A huge thank you to Bob Siracusano

We would like to thank Bob Siracusano and family for their incredible kindness in thinking of our son Zachary Swart in giving our family $10,000 from the Sawyer Motor Car Show in Saugerties. Zach is 15 years old and currently in Memorial Sloan Kettering in NYC recovering from a Bone Marrow Transplant. With this beautiful gift, we will be able to rent an apartment for Zach to stay in the city as he is required to stay near Sloan Kettering for bi-weekly follow-up appointments and needs to be closely monitored over the next few months. Bob and his family and their most generous hearts have supported so many families and local community charities in our area. Thank you Bob and Larry Siracusano for all that you do for others.

Nancy and Tom Swart and family


Peacewalkers coming to Saugerties

The Coalition Against the Pilgrim Pipelines has mounted a campaign of opposition that is now over 3 years old. We have documented the threat that these pipelines would pose to our drinking water and fragile environment, and the absolute lack of need of our communities for their existence. Now, this campaign has been joined by a powerful moral ally.

Internationally renowned environmental and human rights activist Jun Yasuda, Buddhist nun in residence at the Grafton NY Peace Pagoda, will embark upon a 170 mile, 13 day walk to protest the threat to drinking water and environment posed by the proposed Pilgrim oil pipelines.
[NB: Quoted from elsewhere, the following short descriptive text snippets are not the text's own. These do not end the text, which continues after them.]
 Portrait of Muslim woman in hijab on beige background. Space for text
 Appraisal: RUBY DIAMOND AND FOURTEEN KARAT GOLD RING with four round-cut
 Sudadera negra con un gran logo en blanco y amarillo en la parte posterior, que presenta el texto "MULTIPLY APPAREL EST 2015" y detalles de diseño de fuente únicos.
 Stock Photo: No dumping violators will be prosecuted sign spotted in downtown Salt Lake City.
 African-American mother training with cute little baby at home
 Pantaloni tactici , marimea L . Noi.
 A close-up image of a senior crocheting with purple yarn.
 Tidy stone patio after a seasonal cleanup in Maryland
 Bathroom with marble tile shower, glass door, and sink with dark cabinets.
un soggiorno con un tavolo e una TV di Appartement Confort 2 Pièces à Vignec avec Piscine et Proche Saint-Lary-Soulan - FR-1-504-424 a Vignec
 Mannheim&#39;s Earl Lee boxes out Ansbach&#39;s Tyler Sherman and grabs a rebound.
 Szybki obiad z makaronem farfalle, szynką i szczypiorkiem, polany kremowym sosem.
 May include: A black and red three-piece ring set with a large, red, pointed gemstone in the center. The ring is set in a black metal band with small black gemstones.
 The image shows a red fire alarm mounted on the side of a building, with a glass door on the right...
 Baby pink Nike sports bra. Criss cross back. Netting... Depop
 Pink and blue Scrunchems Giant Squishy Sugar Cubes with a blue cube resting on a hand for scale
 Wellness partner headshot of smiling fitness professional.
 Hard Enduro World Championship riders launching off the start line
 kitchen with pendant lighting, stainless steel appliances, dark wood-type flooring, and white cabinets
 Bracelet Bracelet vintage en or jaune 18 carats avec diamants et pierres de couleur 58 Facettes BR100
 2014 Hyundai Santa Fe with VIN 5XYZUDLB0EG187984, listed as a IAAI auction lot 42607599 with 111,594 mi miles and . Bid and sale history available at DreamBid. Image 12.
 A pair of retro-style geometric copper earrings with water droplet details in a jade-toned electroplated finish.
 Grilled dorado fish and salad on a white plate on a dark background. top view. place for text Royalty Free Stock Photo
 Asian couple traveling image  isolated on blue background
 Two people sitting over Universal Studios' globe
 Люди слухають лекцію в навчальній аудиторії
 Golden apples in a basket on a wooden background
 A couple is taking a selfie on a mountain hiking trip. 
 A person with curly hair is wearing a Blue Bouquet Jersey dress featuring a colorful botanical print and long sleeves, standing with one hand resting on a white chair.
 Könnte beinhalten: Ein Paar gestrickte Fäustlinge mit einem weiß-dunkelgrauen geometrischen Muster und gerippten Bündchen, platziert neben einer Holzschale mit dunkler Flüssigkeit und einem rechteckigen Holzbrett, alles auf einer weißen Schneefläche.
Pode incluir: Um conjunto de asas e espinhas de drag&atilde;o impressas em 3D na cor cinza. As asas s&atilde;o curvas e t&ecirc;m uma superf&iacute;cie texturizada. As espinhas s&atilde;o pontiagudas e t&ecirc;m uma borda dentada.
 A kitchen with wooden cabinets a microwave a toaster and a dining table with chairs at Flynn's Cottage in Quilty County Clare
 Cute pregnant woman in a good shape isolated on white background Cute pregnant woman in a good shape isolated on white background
Jun-San, as she is affectionately called, has walked across the United States eight times on behalf of environmental and social justice. On this Peace Walk, she will be joined by local dignitaries, activists and concerned citizens from a broad array of cultural and spiritual backgrounds, including members of the Lanape-Ramapough Lenape, Lakota and Mohican nations.

The walk will commence on July 22 and will traverse communities that would be directly affected, from the Split Rock Sweetwater Prayer Camp of the Ramapough Lenape in Mahwah, NJ to Albany, NY, including Saugerties. The group of Peace Walkers is scheduled to arrive at the Saugerties Trinity Episcopal Church on Saturday, July 29.  Local citizens wishing to join them on the walk can contact George Cho (646-784-7616) write or go to If you cannot join the walk but still wish to show your support, you are welcome to bring a dish to share and attend the potluck dinner at the Trinity Church at 6 pm pm July 29. For that, please  contact Amy Fradon (914-388 0236).